Data supplied section start
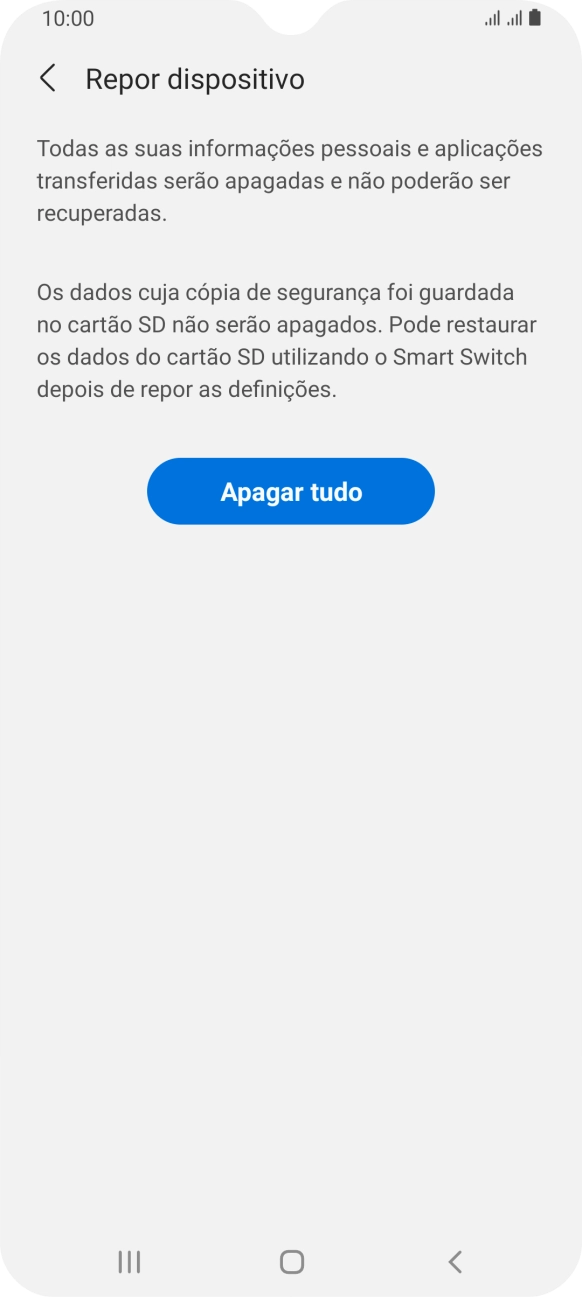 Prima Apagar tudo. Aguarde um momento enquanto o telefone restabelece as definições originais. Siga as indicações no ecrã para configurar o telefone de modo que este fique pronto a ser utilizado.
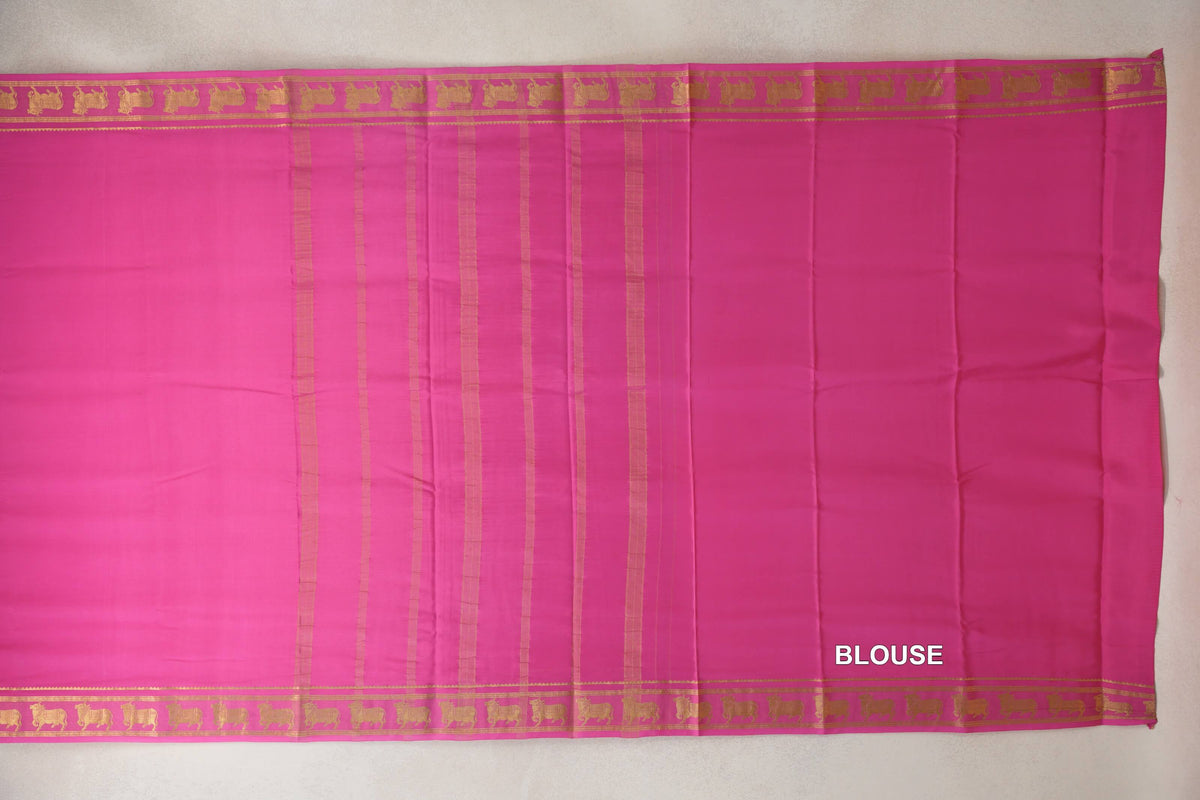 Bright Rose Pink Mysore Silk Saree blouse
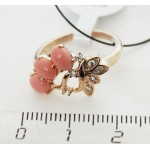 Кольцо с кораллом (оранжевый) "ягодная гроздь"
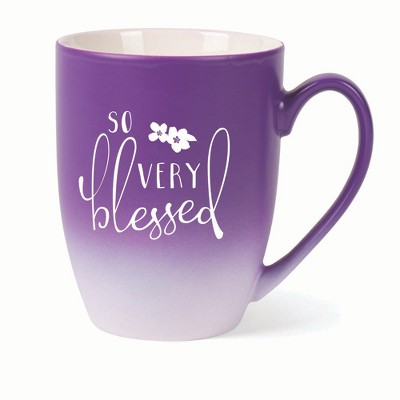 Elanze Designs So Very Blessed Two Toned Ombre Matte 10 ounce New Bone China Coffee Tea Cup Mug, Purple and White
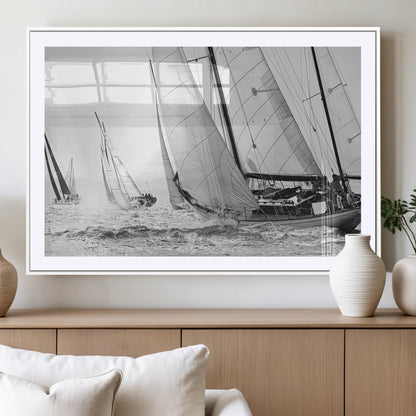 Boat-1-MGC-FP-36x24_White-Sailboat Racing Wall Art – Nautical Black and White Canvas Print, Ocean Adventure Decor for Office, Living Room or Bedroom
Data supplied section end
Leave the pictures behind and repeat each entry exactly.

 Prima Apagar tudo. Aguarde um momento enquanto o telefone restabelece as definições originais. Siga as indicações no ecrã para configurar o telefone de modo que este fique pronto a ser utilizado.
 Bright Rose Pink Mysore Silk Saree blouse
 Кольцо с кораллом (оранжевый) "ягодная гроздь"
 Elanze Designs So Very Blessed Two Toned Ombre Matte 10 ounce New Bone China Coffee Tea Cup Mug, Purple and White
 Boat-1-MGC-FP-36x24_White-Sailboat Racing Wall Art – Nautical Black and White Canvas Print, Ocean Adventure Decor for Office, Living Room or Bedroom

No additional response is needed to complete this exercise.